Model kolaborasi ini sangat populer di berbagi belahan dunia dengan istilah Charter School. Intinya sekolahnya tanpa biaya bagi masyarakat, biaya 100 persen ditanggung pemerintah, namun pengelolanya adalah pihak swasta. Mutu pendidikan benar-benar dikawal ketat dan biayanya jauh lebih efektif dan efisien dibandingkan dengan membuka sekolah negeri baru yang butuh guru ASN, sarana dan prasarana baru, serta biaya operasional yang tinggi.

5. Mengurangi pengaruh politik dan peningkatan profesionalitas layanan
Salah satu problematika pendidikan Indonesia yang diotonomikan adalah tekanan politik dari kepala daerah misalnya pergantian kepala sekolah/pejabat dinas pendidikan yang dilakukan atas dorongan politik.
Pengangkatan pendidik dan tenaga kependidikan sering kali merupakan bagian dari timses kepala daerah, atau pun penempatan personil yang tidak memiliki kapasitas serta kapabilitas dalam mengelola pendidikan. Untuk itu dapat menjadi sebuah alternatif jika pelayanan pendidikan bukan ditempatkan di bawah birokrasi pemerintah daerah melainkan berdiri sendiri seperti di Eropa, Amerika Serikat, maupun Australia.
Secara finansial mereka di bawah pemerintah negara bagian/provinsi tetapi pelakunya bukan ASN tetapi profesional dunia pendidikan yang disebut sebagai School Board/Dewan Sekolah yang ada masa jabatannya. Dewan Sekolah ini bisa dipilih oleh masyarakat atau ditunjuk pemerintah pusat dan atau daerah. Selain itu, mereka adalah para profesional di bidang pendidikan.

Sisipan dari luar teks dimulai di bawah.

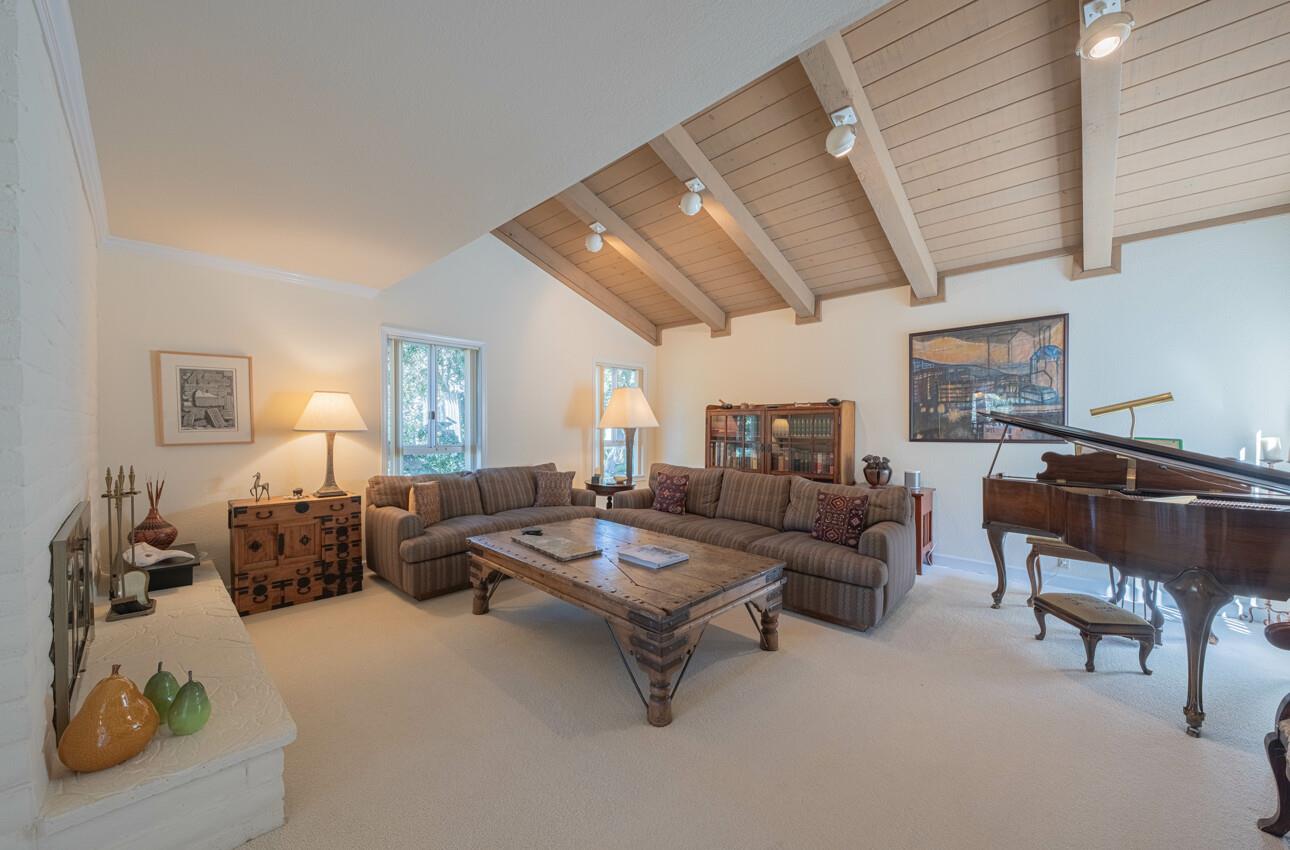 Detail Gallery Image 6 of 27 For 397 B Corral De Tierra Rd, Salinas,  CA 93908 - 3 Beds | 3 Baths
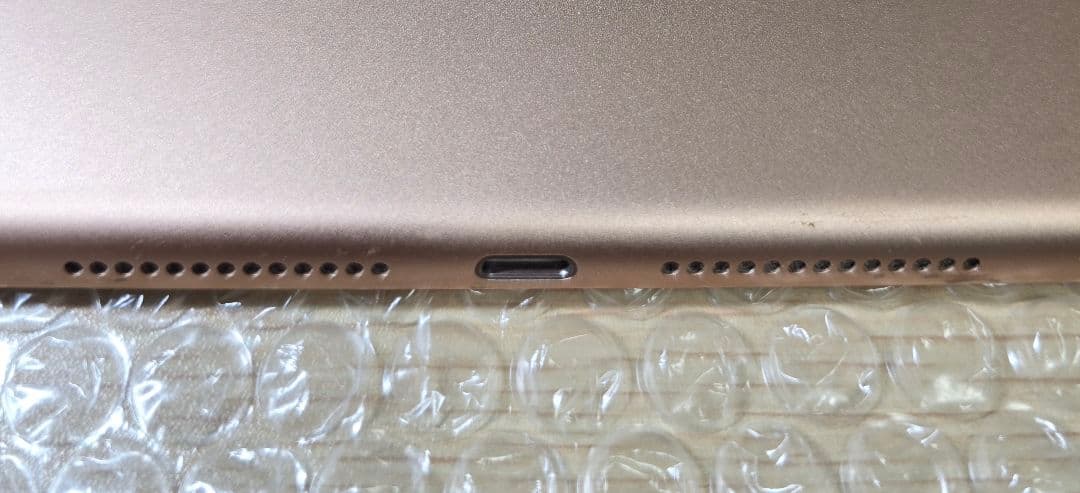 p*p様 比較的美品■iPad 7◼️Wi-Fi版◼️バッテリー極良品◼️125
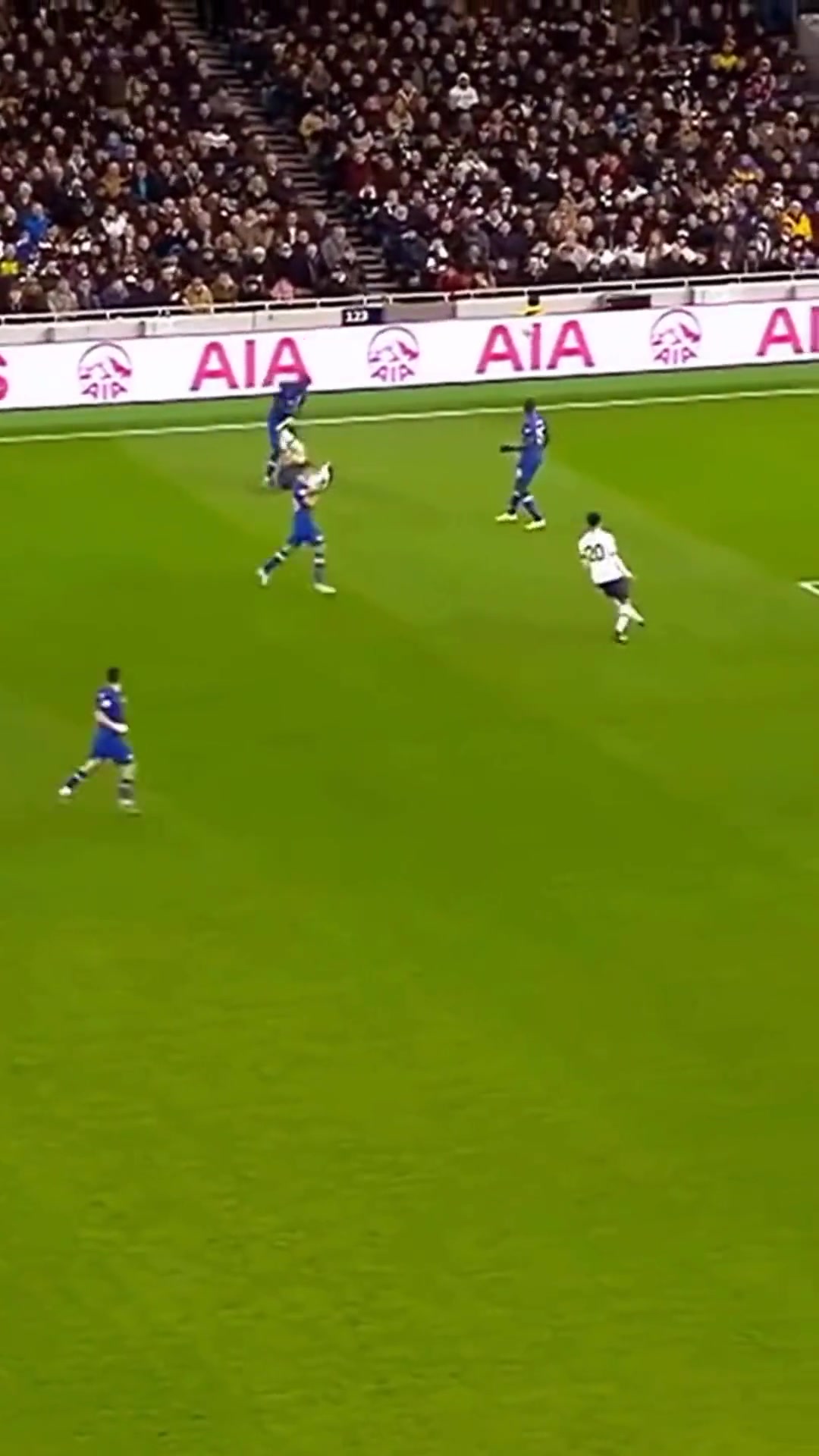 呂迪格你敢做這個(gè)動(dòng)作我就敢立馬倒下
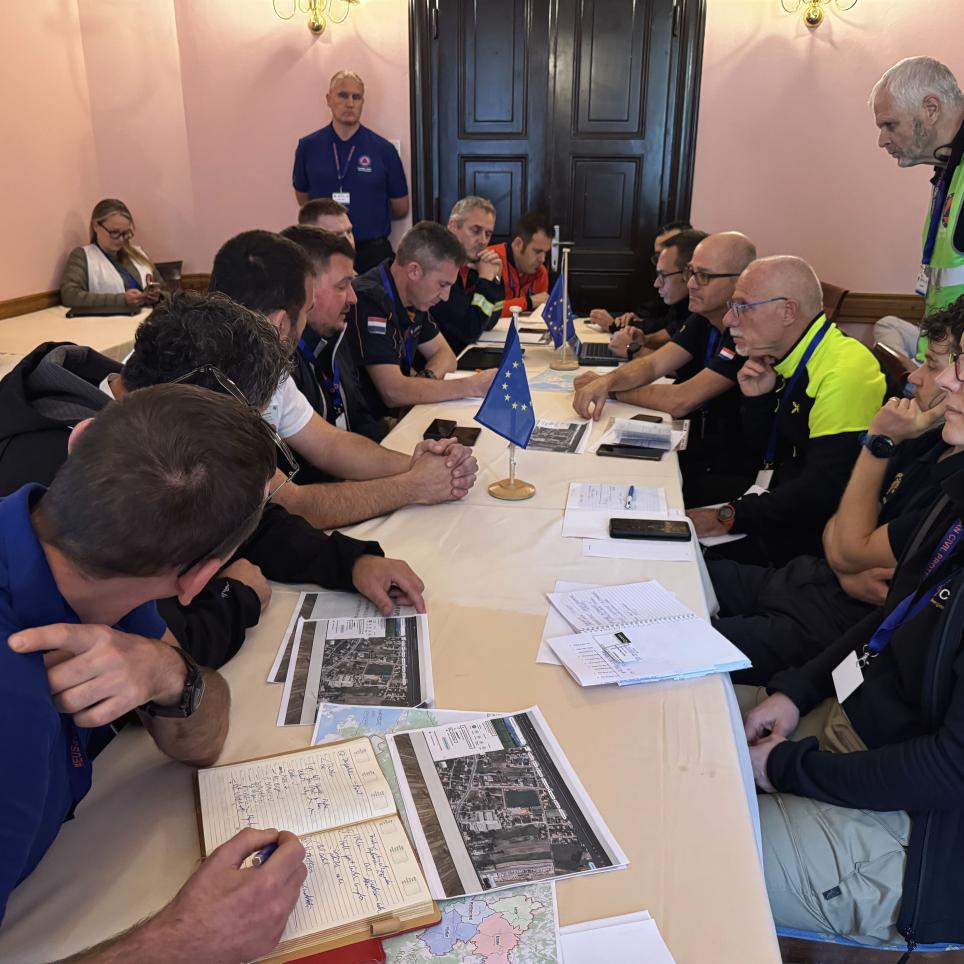 Participants attend a meeting with LEMA / on-site commanders.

Baca Juga: Bekerja Menggunakan Gadget

6. Kurikulum sesuai kebutuhan zaman
Di era Industri 4.0 ini kebutuhan akan para inovator dan kreator menempati urutan utama. Untuk itu kurikulum harus disesuaikan menjadi seperti berikut: Penguatan kemampuan calistung sebagai fondasi pembelajaran Pendidikan berbasis STEAM (Science, Technology, Engineering, Art Mathematic). Selain itu, pemanfaat teknologi secara optimal dalam pembelajaran Kompetensi inti; penalaran tingkat tinggi, serta kemampuan 4K (Komunikasi, Kolaborasi, Kritis dan Kreatif).